Processional Cross (15th-16th century)
The cross on the altar dates back to the late 15th century and was originally in the church of Santa Maria della Scala, demolished in 1776. It has had various later additions: the niello and embossed silver medallions from the early 16th century are based on the theme of salvation, as evident in the two main ones, representing the Crucifixion and Christ Pantocrator (ruler of all things).
The cross, used as a processional funeral cross, was part of a liturgical set normally employed during the funerals of members of the aristocracy from all over Europe, which used to take place in Santa Maria della Scala as it had ducal status.
It is made of four segments of almost equal length and shaped as elongated trapezia, as in early medieval crosses (Lombard and Carolingian), which were in turn modelled on early Christian or Byzantine iconography.

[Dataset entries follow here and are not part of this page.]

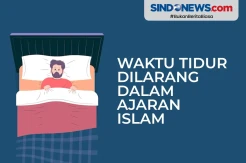 Mengenal Jenis Waktu Tidur yang Dilarang Dalam Ajaran Islam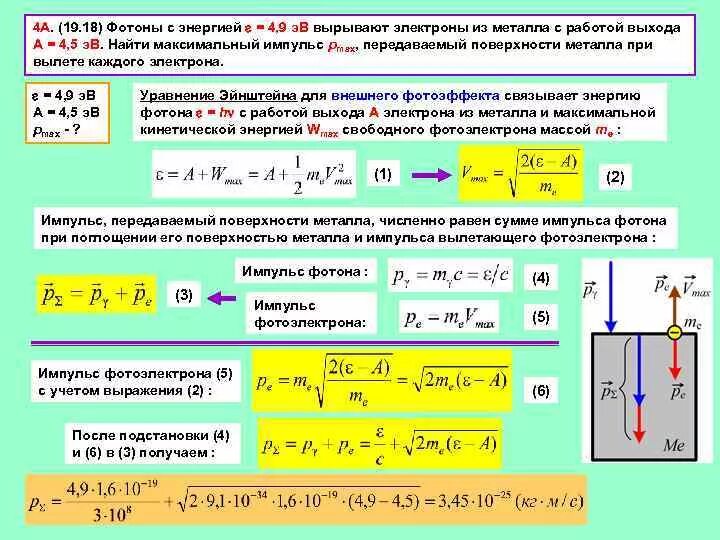 Уравнение импульса фотона. Работа выхода электрона из металла. Работа выхода электрона с поверхности металла. Работа выхода электрона из вещества. Максимальный импульс фотоэлектрона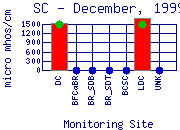 SC Plot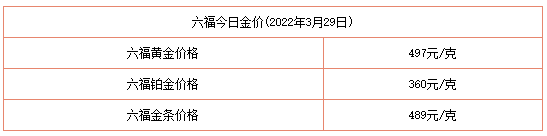 3月29日黄金价格多少钱一克?_https://www.dong10.com_黄金价格_第8张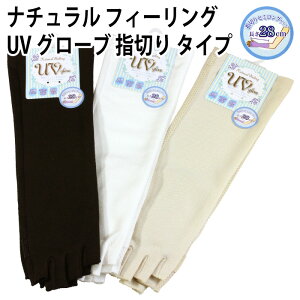 i` tB[O UV O[u w؂ Z~O ^Cv  bV ̂Ђ Xx~ߕt R hL   fB[X ny䂤pPbg izw s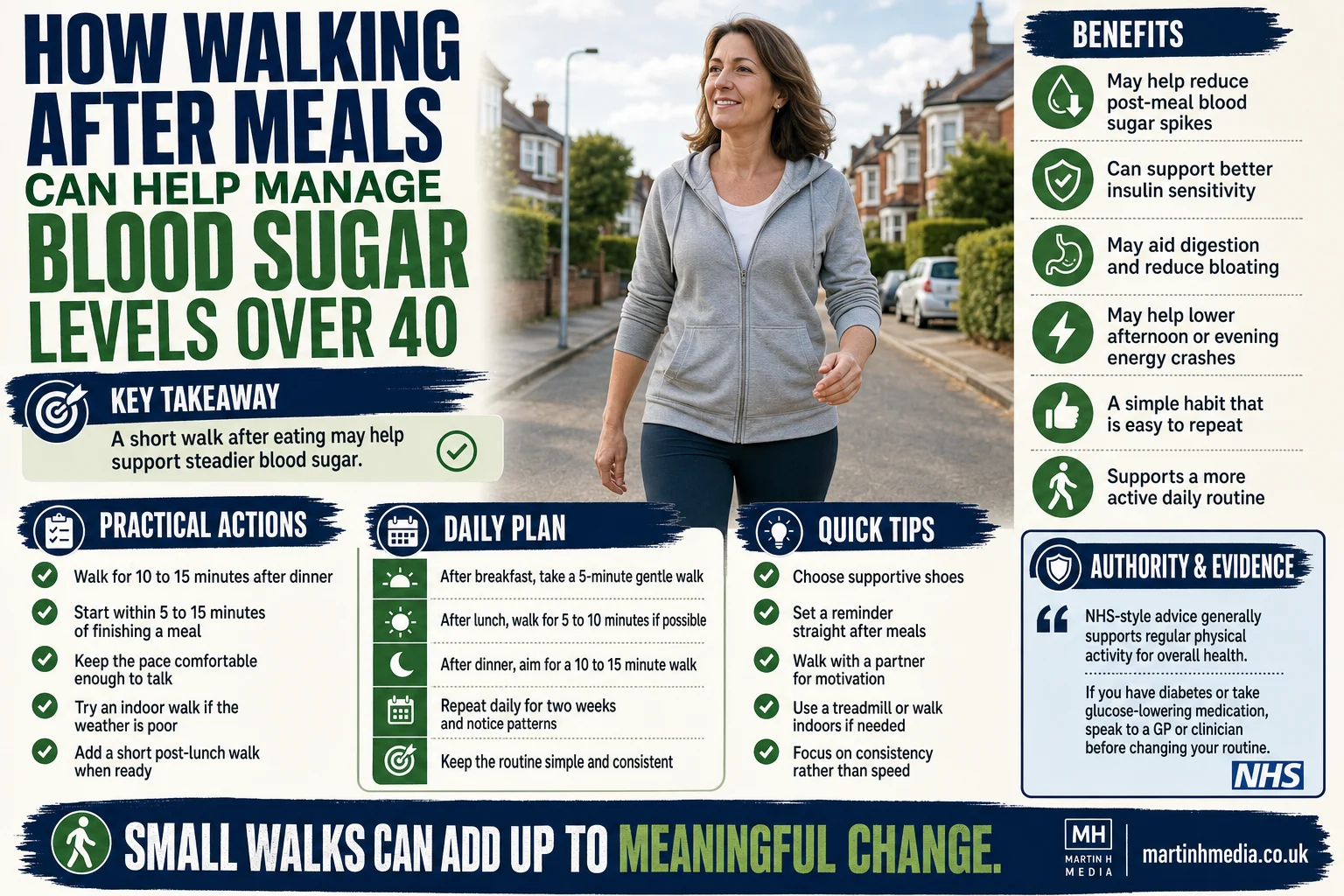 A woman over 40 walking outdoors after a meal in a neighbourhood street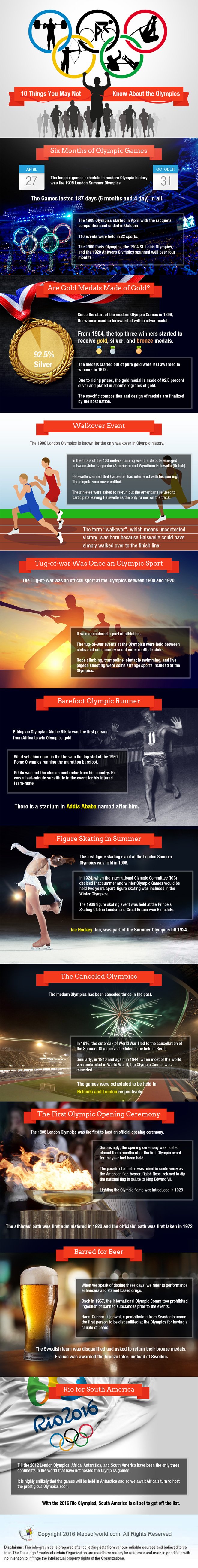 10 Things You May Not Know about the Olympics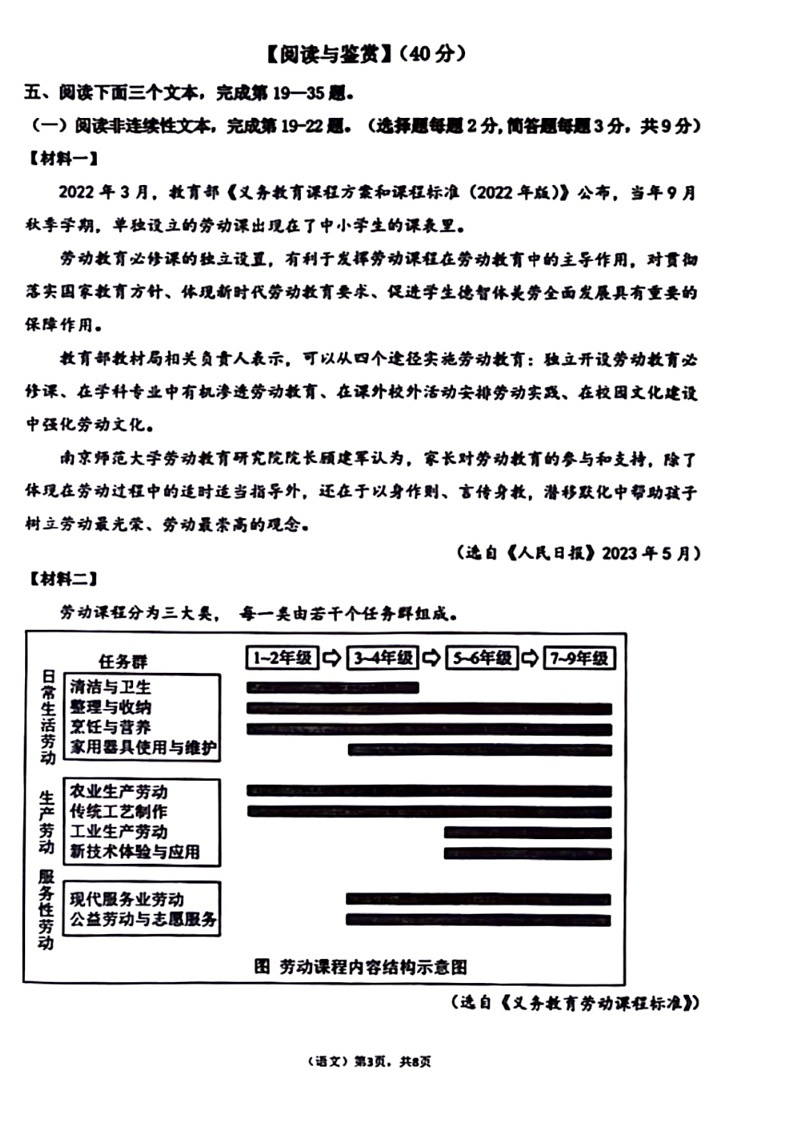 [语文]福建省泉州市南安市2023～2024学年六年级下学期期末教学质量随机监测试卷(无答案)第3页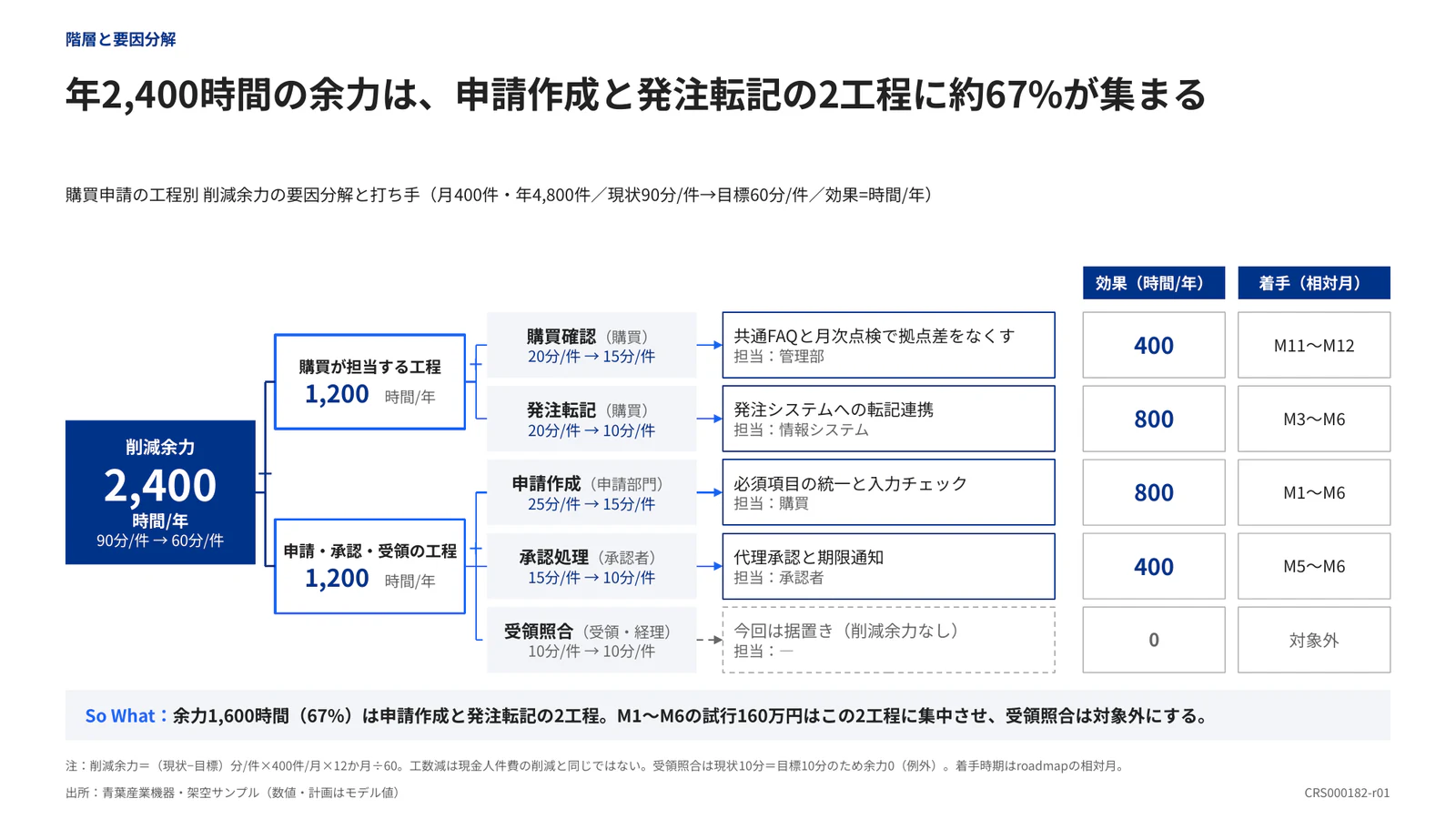 年2,400時間の余力は、申請作成と発注転記の2工程に約67%が集まる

In one of the two main medallions the crucified and suffering Christ, Christus patiens, his head reclined slightly, is encircled by a golden oval with rays emanating from it. Christ’s face bears no sign of pain: he looks like he is asleep. At the sides are a grieving Virgin Mary, St. John the Evangelist and Mary Magdalene; below him, St. John the Baptist. Equally encircled by a golden oval (in the other main medallion) is Christ Pantocrator with rays emanating as a symbol of his glory and the victory of light over darkness. Christ is the light of the world. He is surrounded by the emblems of the four evangelists and appears solemn and austere. With his right hand, he is giving a blessing while his left hand is holding the Gospel, the good news, the revelation. A triangle on his head symbolises the Trinity, and a dove above it the Holy Spirit, providing a close link between the Pantocrator and the mystery of the Trinity. The austere expression implies that the Word Incarnate is the image of the Father.
These two medallions are a summary of the story of Salvation. Christ is the Saviour, the judge and the advocate all at the same time. He is empowered by the Father to judge us, but he also brings justification by bearing our sins for us.